(Supplied records):
*** Begin section ***
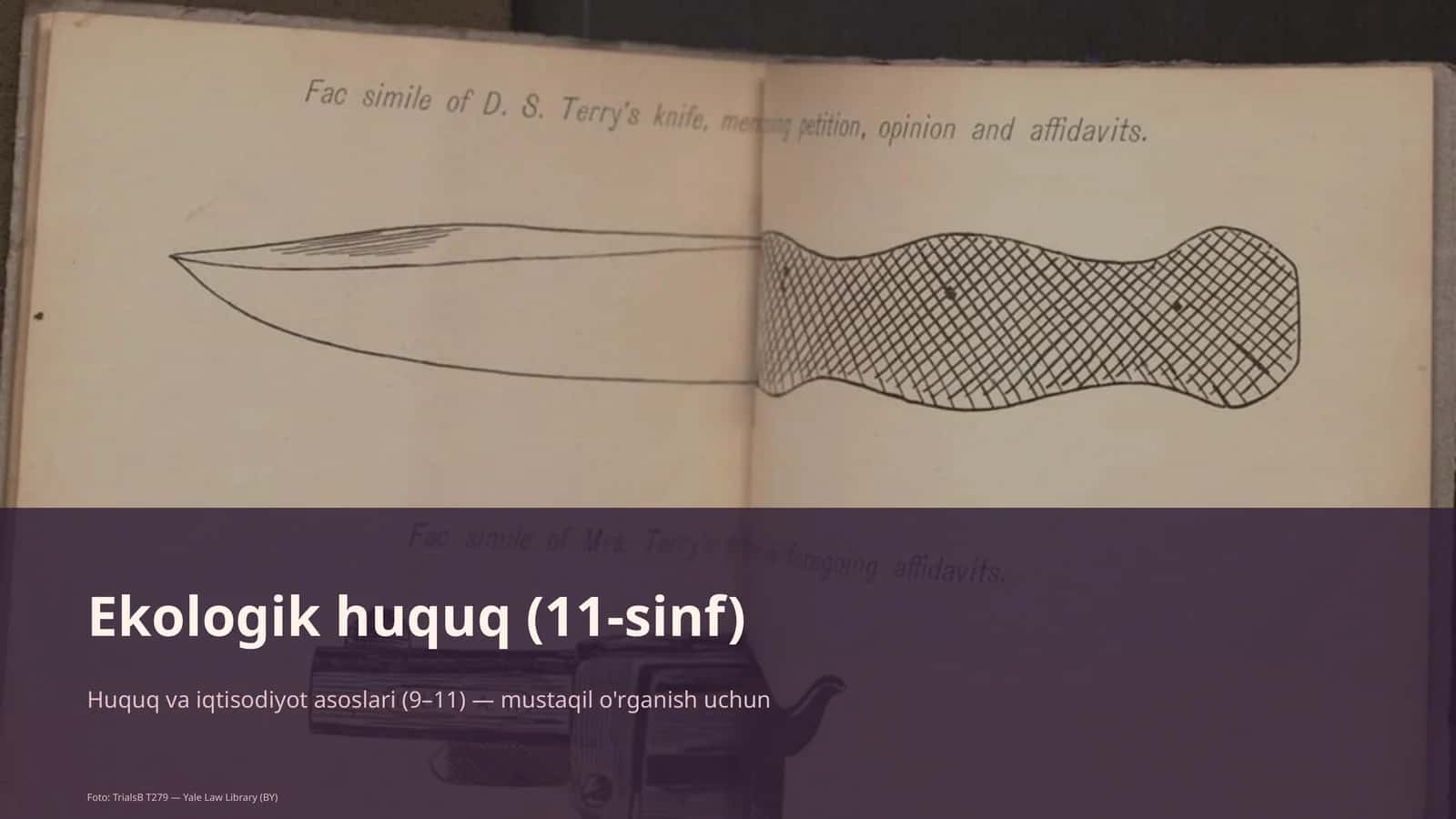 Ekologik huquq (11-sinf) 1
*** End section ***
*** Begin section ***
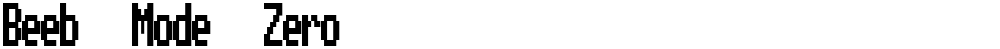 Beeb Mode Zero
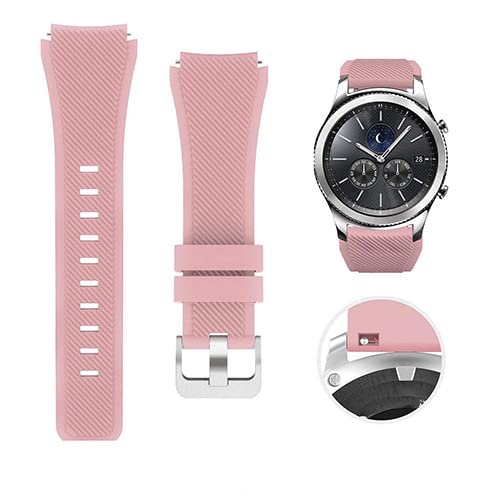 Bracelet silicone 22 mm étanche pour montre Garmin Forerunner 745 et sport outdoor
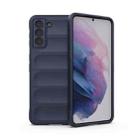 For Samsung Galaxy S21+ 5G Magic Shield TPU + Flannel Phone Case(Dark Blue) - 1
*** End section ***
(Your instructions):
Set down, exactly as written above, each line from the one with "Beeb Mode Zero" through the one with "For Samsung Galaxy", and skip the pictures.

(Result of the task):
 Beeb Mode Zero
 Bracelet silicone 22 mm étanche pour montre Garmin Forerunner 745 et sport outdoor
 For Samsung Galaxy S21+ 5G Magic Shield TPU + Flannel Phone Case(Dark Blue) - 1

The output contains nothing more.